On 14/01/17 19:52, Martin Escardo wrote:
> I wonder whether your model, or a suitable adaptation, can prove
> something stronger, namely that a weakening of countable choice is
> already not provable. (We can discuss in another opportunity why this is
> interesting and how it arises.)
>
> The weakening is
>
> ((n:N) -> || A n + B ||) -> || (n:N) -> A n + B ||
>
> where A n is a decidable proposition and B is a set.
>
> (Actually, the further weakening in which B is an arbitrary subset of
> the Cantor type (N->2) is also interesting. It would also be interesting
> to know whether it is provable.

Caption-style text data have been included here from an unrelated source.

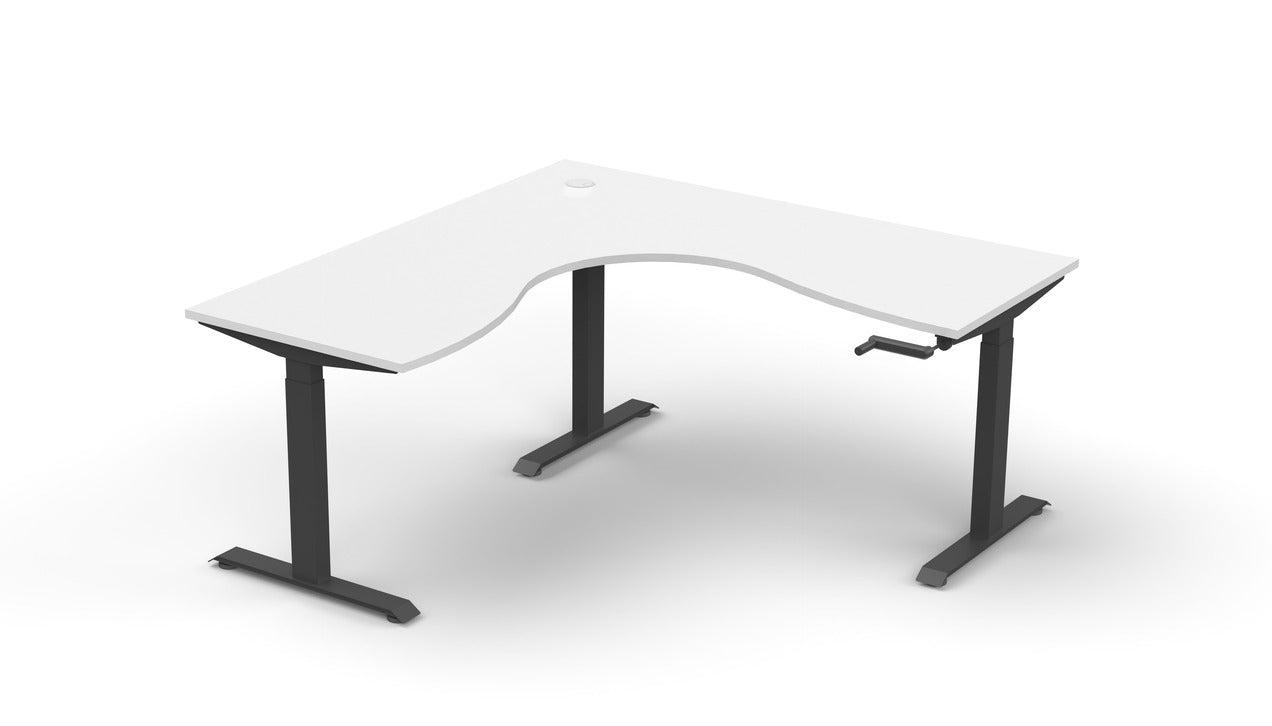 Boost Crank Corner Workstation - Without Screen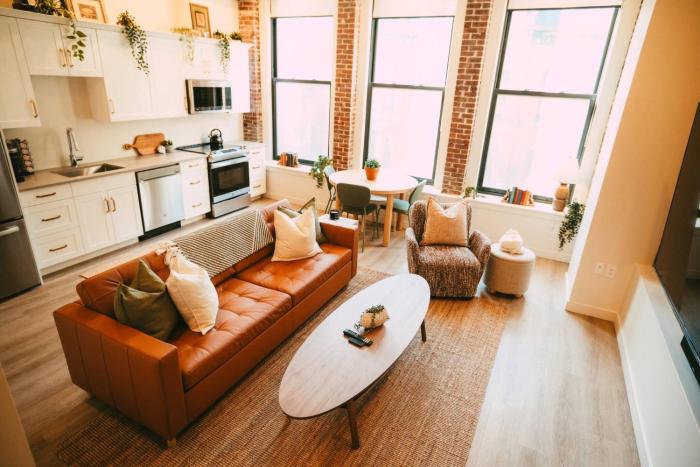 Historic Charming 2BR Apartment DT Halifax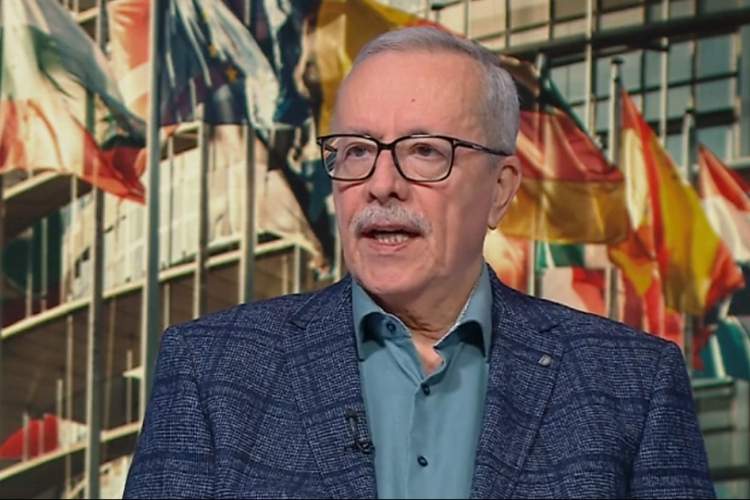 Bakondi György aggódik a párizsi közbiztonság helyzete miatt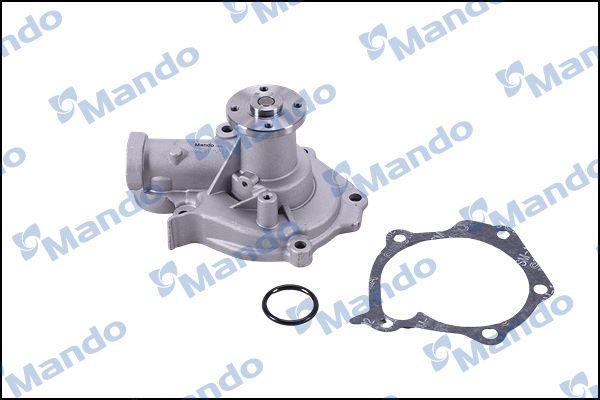 Помпа системи охолодження MANDO MWP1007 - zapix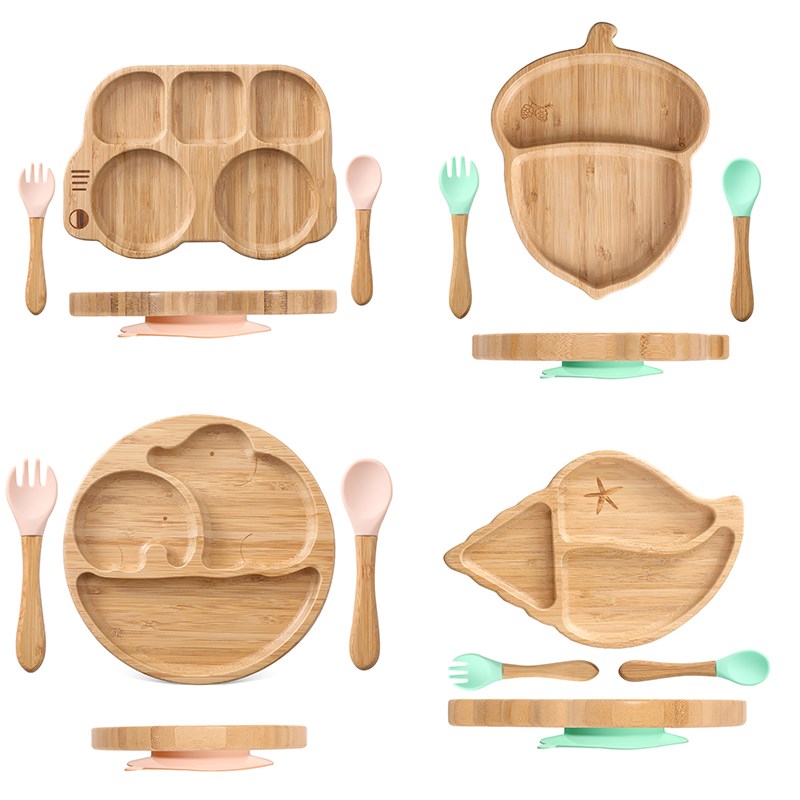ให้อาหารเด็กทารกชุดซิลิโคนช้อน - Baby Food Menu บทวิจารณ์และราคา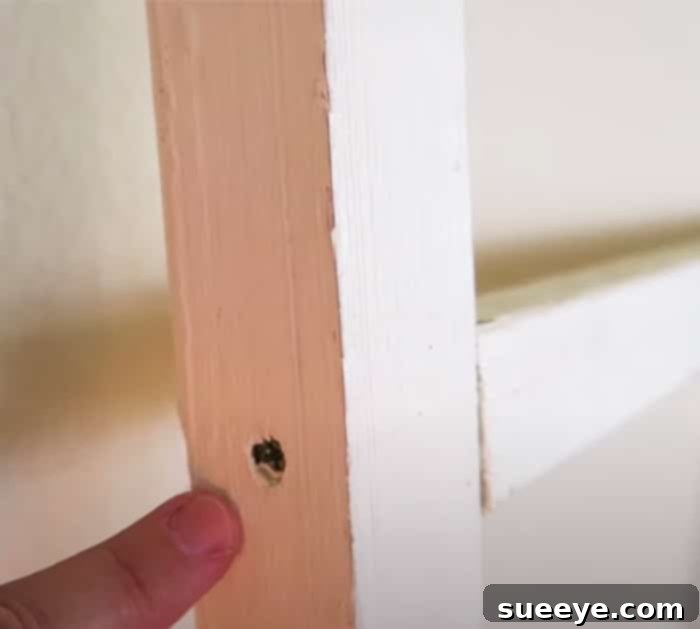 Handcrafted Quilt Display 3 How To Make A Quilt Ladder | Easy Crafts | Homemade Crafts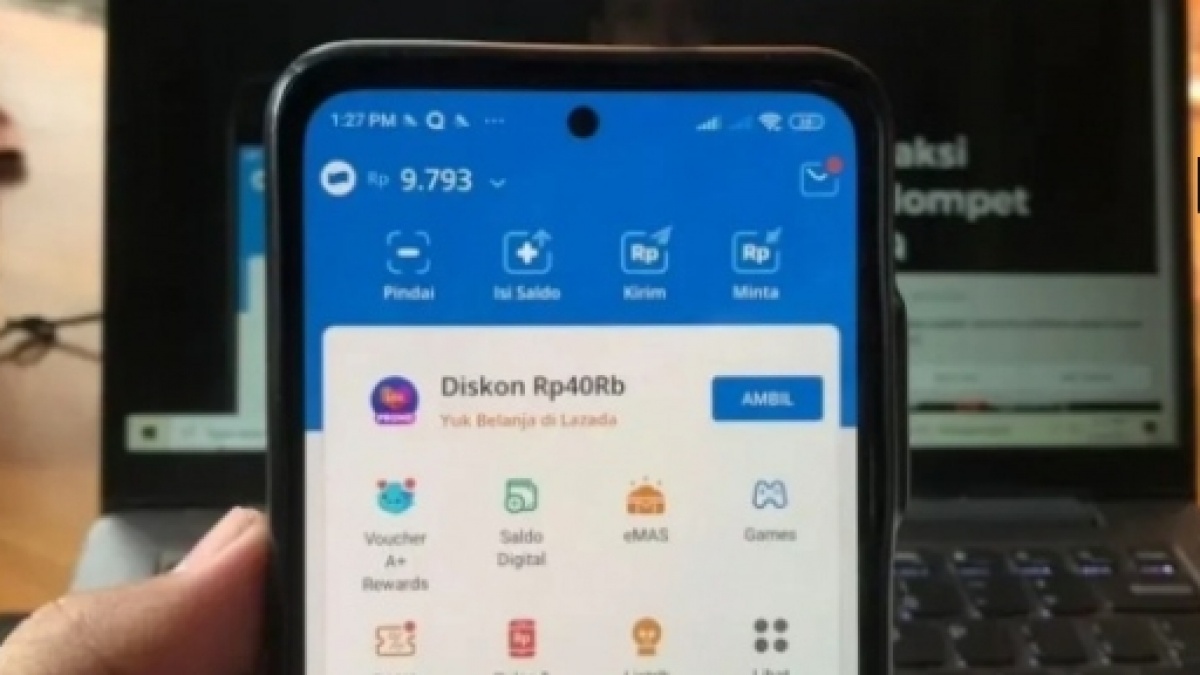 Klaim Link Dana Kaget Gratis Hari Ini dan Dapatkan Saldo DANA Gratis!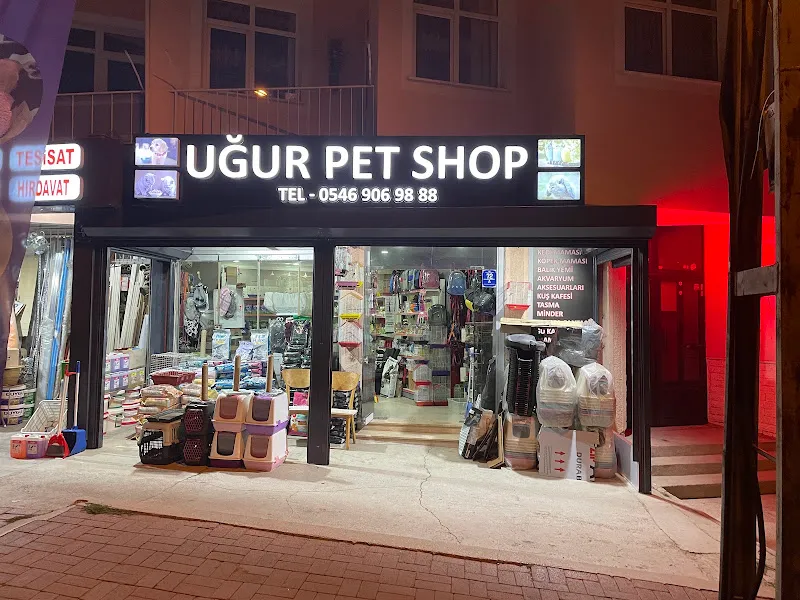 Uğur pet shop foto 1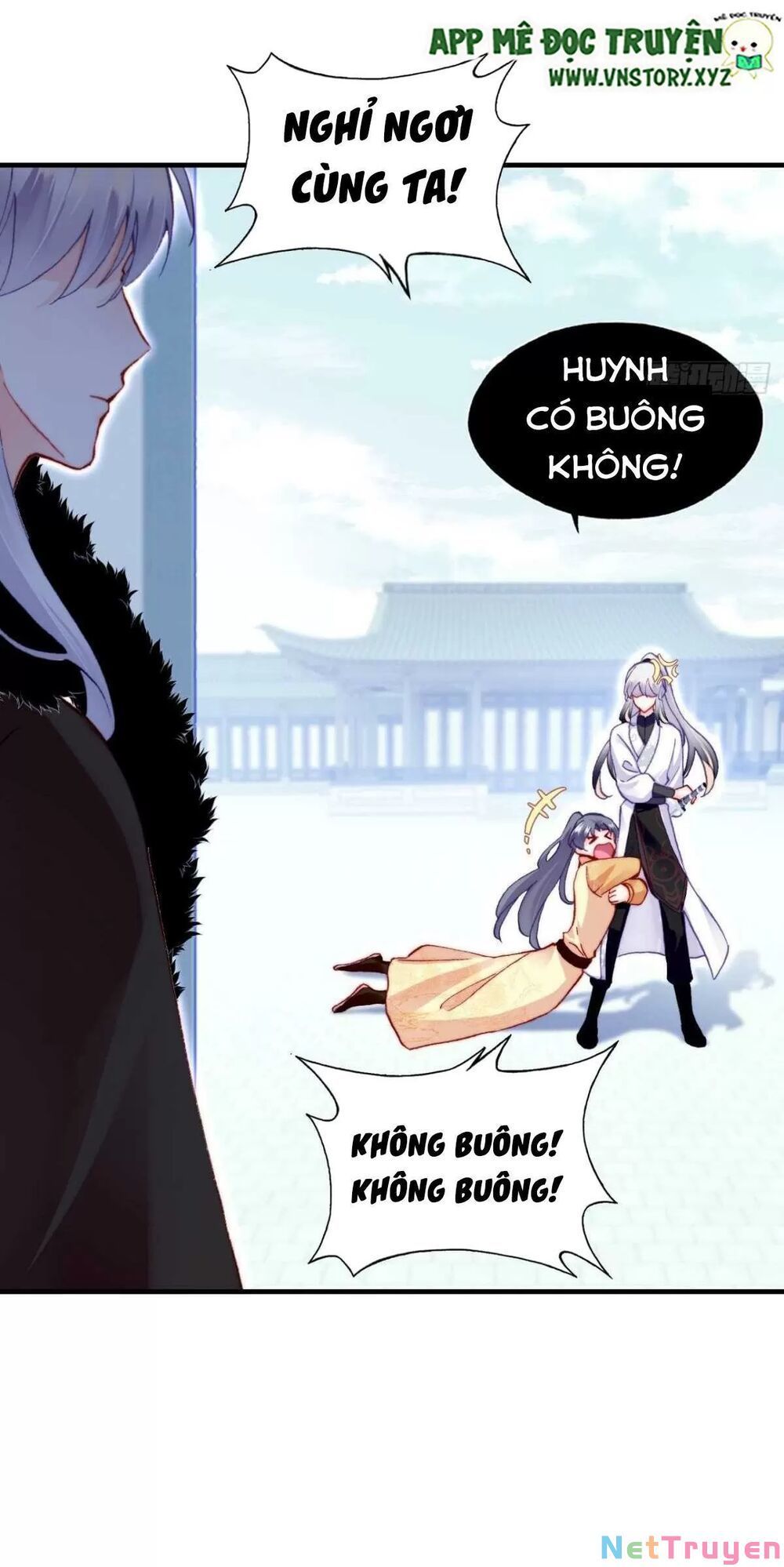 lại bị bệnh chiều chuộng quấn lấy chapter 66 17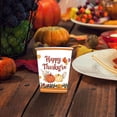 thumbnail image 1 of Penkiiy Thanksgiving Theme Party Tableware Set Disposable Decorative Tableware Paper Set, 1 of 4
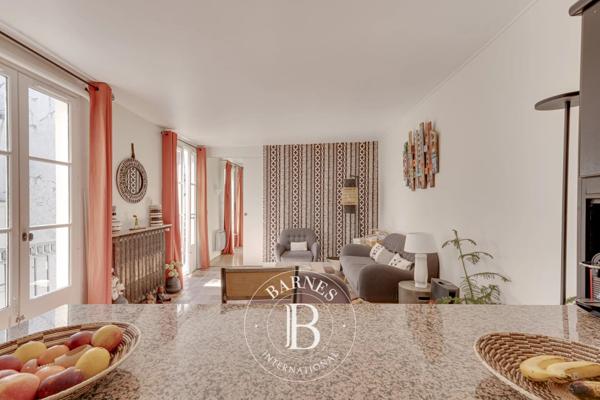 Paris 6ème, Appartement 1 Chambre -  51 m² à vendre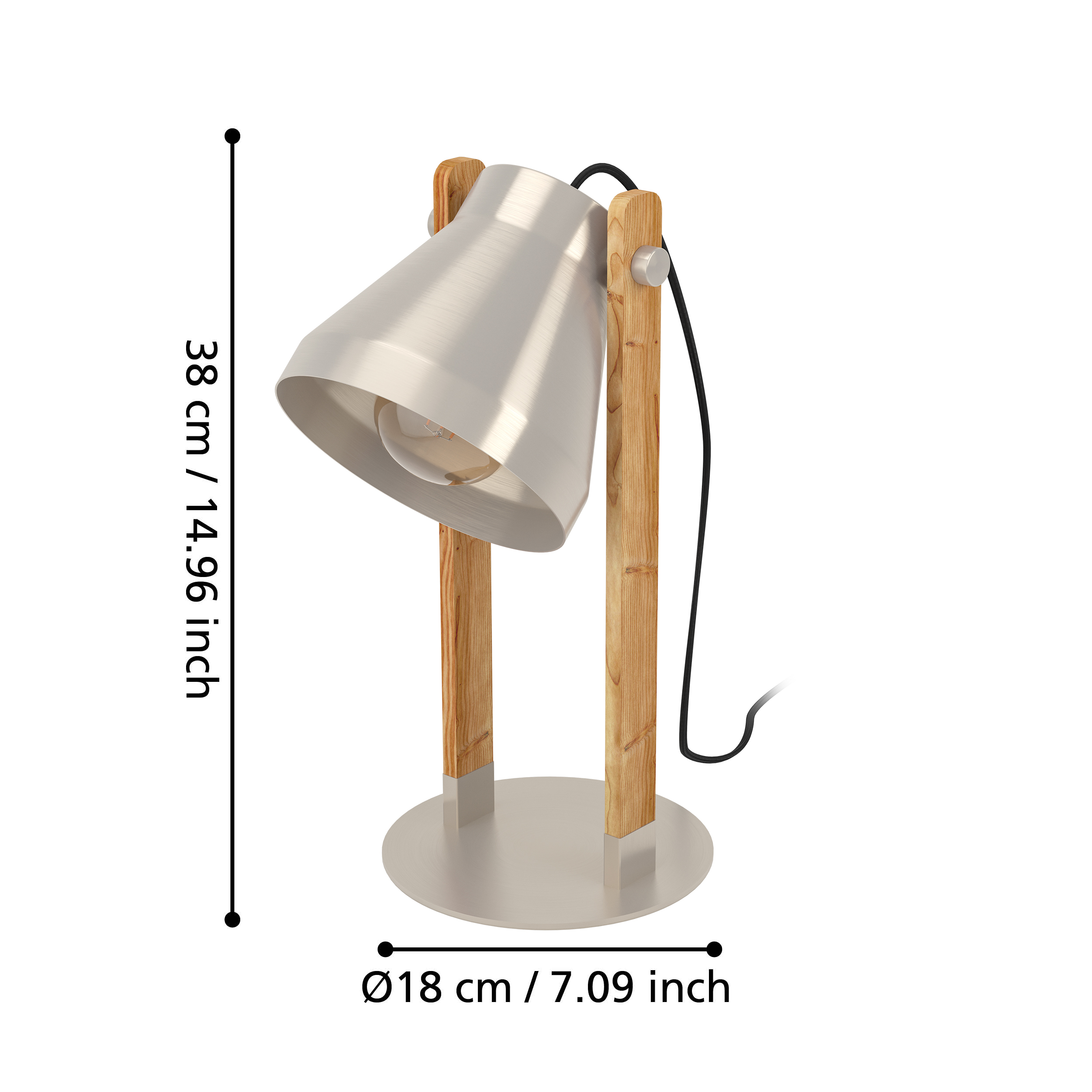 CAWTON Table Lamp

I suspect it isn't.)
I would like to remark that this principle is equivalent to another
choice principle.
Let *propositional choice* be the principle
Pi(P:U), isProp P -> Pi(X:P->U), (Pi(p:P), isSet(X(p)) ->
(Pi(p:P), ||X(p)||) -> ||Pi(p:P), X(p)||.
This is equivalent to
Pi(P,Y:U), isProp P -> isSet(Y) ->
(P -> ||Y||) -> ||P -> Y||.
Hence we see that it holds for decidable P, and thus holds for all P if
excluded middle holds.
The above countable choice principle is equivalence to propositional
choice with P of the form
Sigma(n:N).a(n)=0
with a:N->2 and
isProp(Sigma(n:N), a(n)=0).
(The statement that all such P are decidable is called LPO.)